Pollster Scott Rasmussen did not ask about Matthew Jette, the fourth Republican in the race. But there is little to suggest his presence has any effect: Only 2 percent said they wanted to vote for someone other than the three contenders listed.
Brewer has staged what can only be considered a remarkable turnaround in political fortune, bolstered both by her decision to sign a tough new law aimed at illegal immigrants as well as her backing of a temporary sales tax hike that voters overwhelmingly approved. As recently as March she was in a virtual dead heat with all contenders.

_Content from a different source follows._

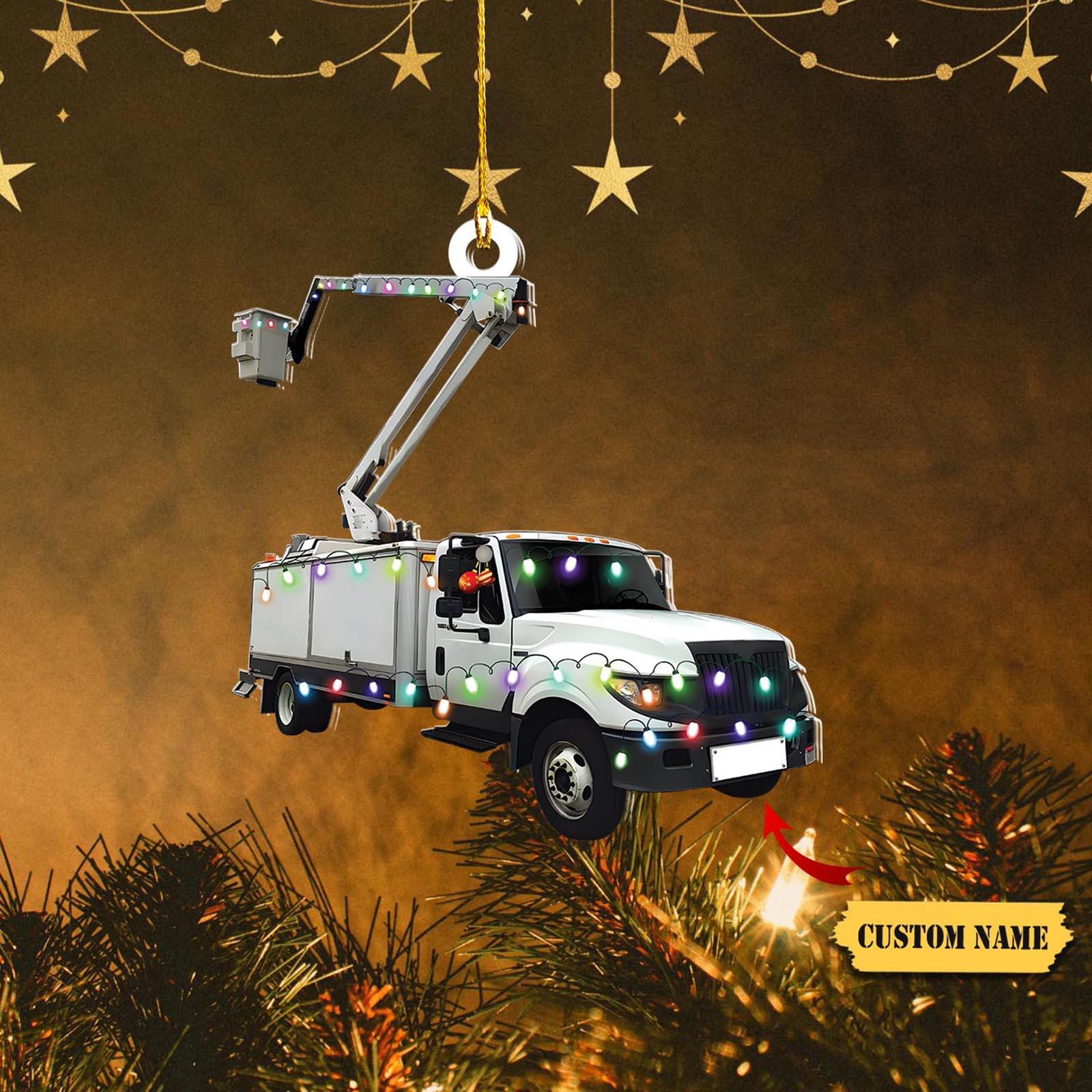 Personalized Name Lineman Bucket Truck Merry Christmas Shaped Ornament 2D, Gift for Lineman, Gifts For Christmas. HAOR0711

Conversely, Mills' campaign spending -- in excess of $2.3 million as of the end of May -- has done little to gain support.
That same group of GOP voters still gives John McCain the edge in retaining his U.S. Senate seat.
The incumbent was the choice of 47 percent of those who responded. Former Congressman and radio talk show host J.D. Hayworth had just 36 percent, with Navy veteran and apparent Tea Party favorite Jim Deakin picking up the backing of 7 percent.
But Rasmussen said while McCain has maintained his lead over Hayworth, his chances of winning still remain at risk.
"Any incumbent who earns less 50% support is considered potentially vulnerable,' Rasmussen said, noting McCain "has been hovering around that mark all year.'
And Rasmussen said McCain's level of support at this point in the Arizona race is similar to that of another veteran senator: Republican-turned-Democrat Arlen Specter of Pennsylvania.
"Specter, ultimately defeated in the state's Democratic primary by Joe Sestak, led in just about all early polling but could never get much above the 50-percent level of support,' Rasmussen said.
Both survey questions were asked June 16 and have a margin of error of 4 percentage points.